1.1.5 Loading Data Using Pandas

Inside the folder /notebooks/data/ is the text file Stock_Data.csv. This contains daily closing prices for 5 index funds over 5 years:

Symbol Name
GSPC S&P 500
DJI Dow Jones Industrial Average
IXIC NASDAQ Composite
RUT Russell 2000
VIX CBOE Volatility Index

1.1.5.1 Download the data into Colab

The following code checks if the data file can be found. If not, it downloads the file from GitHub. We are working on streamlining this process. For simplicity, we recommend directly defining data in Python as lists or arrays for contributed examples, which bypasses the need for this step.

In [6]:
import os, requests, urllib

# GitHub pages url
url = "https://ndcbe.github.io/cbe67701-uncertainty-quantification/"
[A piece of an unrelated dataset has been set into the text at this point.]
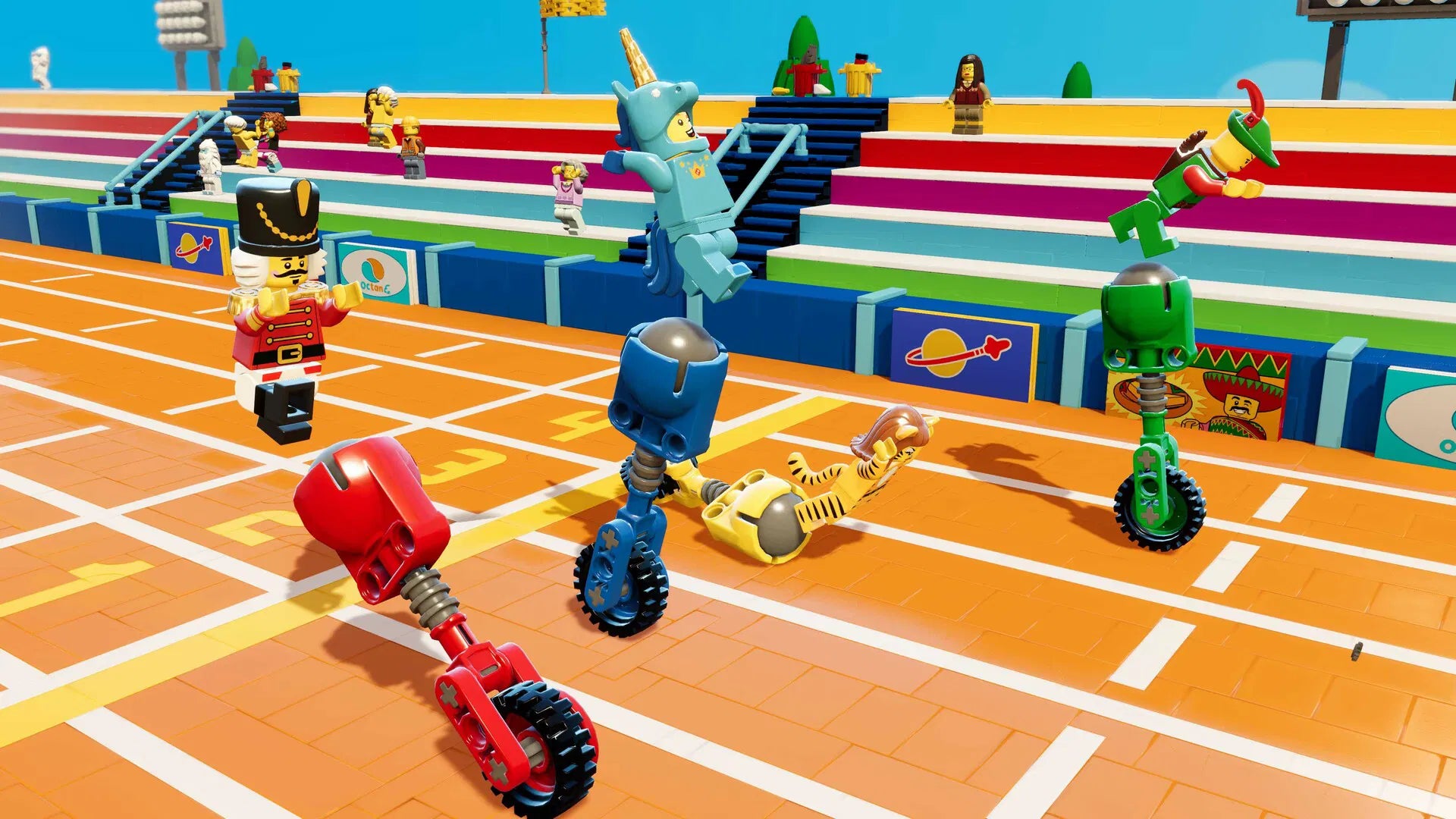 LEGO-Party-for-Playstation-5-01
# relative file paths to download
# this is the only line of code you need to change
file_paths = ['data/Stock_Data.csv']

# loop over all files to download
for file_path in file_paths:
    print("Checking for",file_path)
    # split each file_path into a folder and filename
    stem, filename = os.path.split(file_path)
    
    # check if the folder name is not empty
    if stem:
        # check if the folder exists
        if not os.path.exists(stem):
            print("\tCreating folder",stem)
            # if the folder does not exist, create it
            os.mkdir(stem)
    # if the file does not exist, create it by downloading from GitHub pages
    if not os.path.isfile(file_path):
        file_url = urllib.parse.urljoin(url,
                urllib.request.pathname2url(file_path))
        print("\tDownloading",file_url)
        with open(file_path, 'wb') as f:
            f.write(requests.get(file_url).content)
    else:
        print("\tFile found!")
Checking for data/Stock_Data.csv
	File found!

1.1.5.2 Import and analyze with Pandas

Let's import the data with Pandas:

In [7]:
stock_data = pd.read_csv('./data/Stock_Data.csv')
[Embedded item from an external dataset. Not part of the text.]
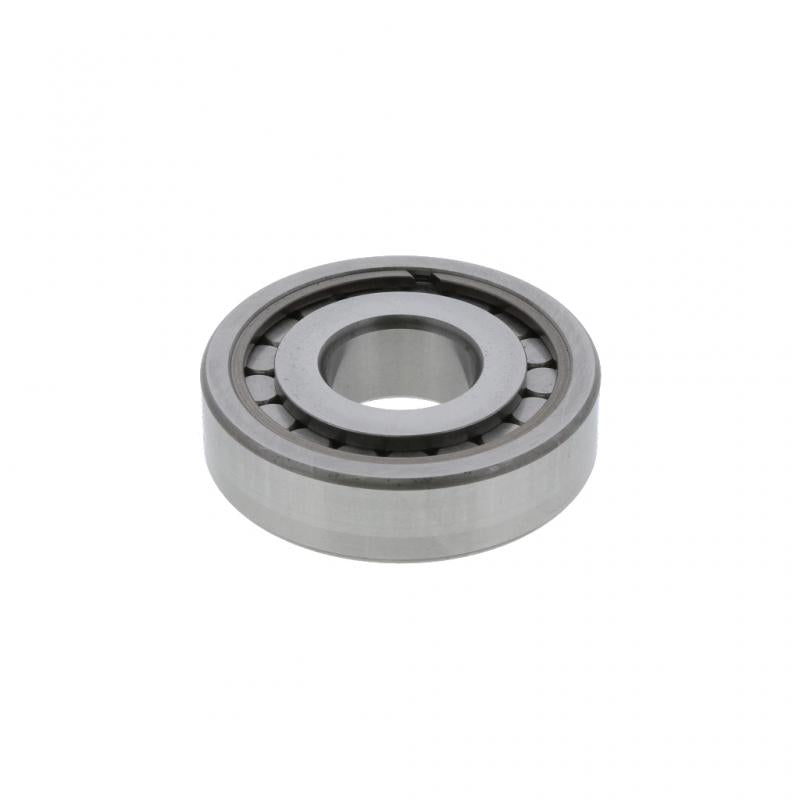 PAI INDUSTRIES - BBG-6167 - BEARING REPLACES MACK 2719-15828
Now let's look at the first 5 rows of the dataset:

In [8]:
stock_data.head()
Out[8]:
DJI GSPC IXIC RUT VIX
0 14447.75000 1551.689941 3235.300049 945.849976 13.74
1 14559.65039 1563.770020 3252.479980 949.820007 12.77
2 14526.16016 1562.849976 3256.520020 950.239990 13.15
3 14578.54004 1569.189941 3267.520020 951.539978 12.70
4 14572.84961 1562.170044 3239.169922 938.789978 13.58

We can also calculate summary statistics:

In [9]:
stock_data.describe()
Out[9]:
DJI GSPC IXIC RUT VIX
count 1259.000000 1259.000000 1259.000000 1259.000000 1259.000000
mean 18308.909006 2090.507514 4998.311675 1220.743042 14.550937
std 2683.633650 288.577349 986.364011 155.571503 3.845423
min 14447.750000 1541.609985 3166.360107 901.510010 9.140000
25% 16447.775390 1894.469970 4334.710205 1120.449951 12.130000
50% 17719.919920 2068.530029 4891.430176 1181.410034 13.710000
75% 19812.250000 2258.800049 5441.530029 1353.050049 15.910000
max 26616.710940 2872.870117 7588.319824 1610.709961 40.740002

1.1.5.3 Visualize

Finally, let's plot the daily closing price for the Dow Jones Industry Average.

In [10]:
plt.plot(stock_data["DJI"],color="blue")
plt.xlabel("Day")
plt.ylabel("Price [USD]")
plt.grid(True)
plt.show()

Unfortunately, I did not record the correspond calendar date for the first day in the dataset; otherwise, we could have modified the horizonal axis to show dates.